▶ **Activity**
Begin at the line containing "Altar Cabinet 风水神台" in the data below and go on through the line containing "家用可调温3in1早餐机6in1牛排机", repeating each line exactly; include both ends and no other line.

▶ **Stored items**
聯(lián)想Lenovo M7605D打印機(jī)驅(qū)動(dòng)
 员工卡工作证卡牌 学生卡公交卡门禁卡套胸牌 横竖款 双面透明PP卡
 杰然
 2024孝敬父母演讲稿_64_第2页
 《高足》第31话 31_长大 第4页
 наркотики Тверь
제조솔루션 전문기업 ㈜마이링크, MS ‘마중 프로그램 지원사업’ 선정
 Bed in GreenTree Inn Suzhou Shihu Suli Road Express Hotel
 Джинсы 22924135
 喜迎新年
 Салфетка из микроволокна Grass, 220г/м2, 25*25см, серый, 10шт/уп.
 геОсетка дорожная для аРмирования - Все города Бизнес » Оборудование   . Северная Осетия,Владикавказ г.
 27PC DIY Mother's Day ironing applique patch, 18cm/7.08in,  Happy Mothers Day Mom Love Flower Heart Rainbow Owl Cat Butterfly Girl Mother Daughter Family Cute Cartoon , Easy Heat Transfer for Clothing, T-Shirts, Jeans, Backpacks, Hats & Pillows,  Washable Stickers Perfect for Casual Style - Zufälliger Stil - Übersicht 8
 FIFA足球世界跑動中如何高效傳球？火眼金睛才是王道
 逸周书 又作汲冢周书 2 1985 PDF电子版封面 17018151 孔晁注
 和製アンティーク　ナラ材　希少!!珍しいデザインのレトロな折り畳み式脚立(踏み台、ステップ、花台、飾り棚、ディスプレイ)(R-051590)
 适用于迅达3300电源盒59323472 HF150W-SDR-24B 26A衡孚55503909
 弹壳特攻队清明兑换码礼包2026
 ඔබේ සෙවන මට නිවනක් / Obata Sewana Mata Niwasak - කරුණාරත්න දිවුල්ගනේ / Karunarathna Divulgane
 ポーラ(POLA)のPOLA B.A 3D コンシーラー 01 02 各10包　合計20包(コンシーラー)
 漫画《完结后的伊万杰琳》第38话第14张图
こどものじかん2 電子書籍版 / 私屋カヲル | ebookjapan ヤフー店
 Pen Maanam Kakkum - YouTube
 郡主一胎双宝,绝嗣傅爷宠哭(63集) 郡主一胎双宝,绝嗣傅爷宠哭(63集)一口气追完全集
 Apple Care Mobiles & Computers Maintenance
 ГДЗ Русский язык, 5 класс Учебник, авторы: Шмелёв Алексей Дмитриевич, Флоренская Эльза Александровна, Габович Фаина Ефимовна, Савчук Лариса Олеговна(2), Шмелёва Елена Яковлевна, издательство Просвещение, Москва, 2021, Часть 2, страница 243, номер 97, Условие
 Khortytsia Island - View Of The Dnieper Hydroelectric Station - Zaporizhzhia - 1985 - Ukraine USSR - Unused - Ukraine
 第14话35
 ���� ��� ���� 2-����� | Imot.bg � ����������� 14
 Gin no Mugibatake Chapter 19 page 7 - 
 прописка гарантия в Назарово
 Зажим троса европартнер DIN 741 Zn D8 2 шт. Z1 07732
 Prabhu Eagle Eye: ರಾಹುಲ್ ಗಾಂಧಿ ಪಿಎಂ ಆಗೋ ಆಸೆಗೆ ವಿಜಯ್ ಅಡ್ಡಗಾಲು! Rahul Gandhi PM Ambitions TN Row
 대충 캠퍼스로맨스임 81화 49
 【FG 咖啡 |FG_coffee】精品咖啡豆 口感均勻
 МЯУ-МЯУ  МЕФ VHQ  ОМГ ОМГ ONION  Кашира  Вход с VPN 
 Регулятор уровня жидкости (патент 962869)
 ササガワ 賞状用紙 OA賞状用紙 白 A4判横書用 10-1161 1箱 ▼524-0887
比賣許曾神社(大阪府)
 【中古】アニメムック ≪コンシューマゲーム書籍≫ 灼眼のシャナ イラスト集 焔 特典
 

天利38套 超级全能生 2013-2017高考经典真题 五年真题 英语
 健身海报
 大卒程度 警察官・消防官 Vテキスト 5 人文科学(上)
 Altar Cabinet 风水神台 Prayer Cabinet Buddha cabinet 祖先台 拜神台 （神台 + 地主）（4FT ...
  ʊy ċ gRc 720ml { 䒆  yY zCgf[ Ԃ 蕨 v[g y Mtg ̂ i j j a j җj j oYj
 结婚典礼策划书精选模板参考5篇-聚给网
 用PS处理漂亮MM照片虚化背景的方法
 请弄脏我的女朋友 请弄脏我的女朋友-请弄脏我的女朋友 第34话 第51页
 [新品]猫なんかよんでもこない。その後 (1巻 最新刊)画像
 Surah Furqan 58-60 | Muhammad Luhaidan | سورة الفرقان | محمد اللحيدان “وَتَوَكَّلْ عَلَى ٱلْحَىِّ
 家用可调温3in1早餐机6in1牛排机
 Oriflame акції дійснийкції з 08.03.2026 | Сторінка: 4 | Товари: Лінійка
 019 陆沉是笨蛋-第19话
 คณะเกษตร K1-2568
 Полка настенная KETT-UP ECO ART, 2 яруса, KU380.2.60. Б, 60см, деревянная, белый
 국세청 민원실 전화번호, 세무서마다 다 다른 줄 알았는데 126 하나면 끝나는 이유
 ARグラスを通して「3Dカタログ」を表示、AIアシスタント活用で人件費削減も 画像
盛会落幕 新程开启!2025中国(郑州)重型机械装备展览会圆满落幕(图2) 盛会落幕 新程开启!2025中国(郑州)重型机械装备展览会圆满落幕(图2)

▶ **Your response**
 Altar Cabinet 风水神台 Prayer Cabinet Buddha cabinet 祖先台 拜神台 （神台 + 地主）（4FT ...
  ʊy ċ gRc 720ml { 䒆  yY zCgf[ Ԃ 蕨 v[g y Mtg ̂ i j j a j җj j oYj
 结婚典礼策划书精选模板参考5篇-聚给网
 用PS处理漂亮MM照片虚化背景的方法
 请弄脏我的女朋友 请弄脏我的女朋友-请弄脏我的女朋友 第34话 第51页
 [新品]猫なんかよんでもこない。その後 (1巻 最新刊)画像
 Surah Furqan 58-60 | Muhammad Luhaidan | سورة الفرقان | محمد اللحيدان “وَتَوَكَّلْ عَلَى ٱلْحَىِّ
 家用可调温3in1早餐机6in1牛排机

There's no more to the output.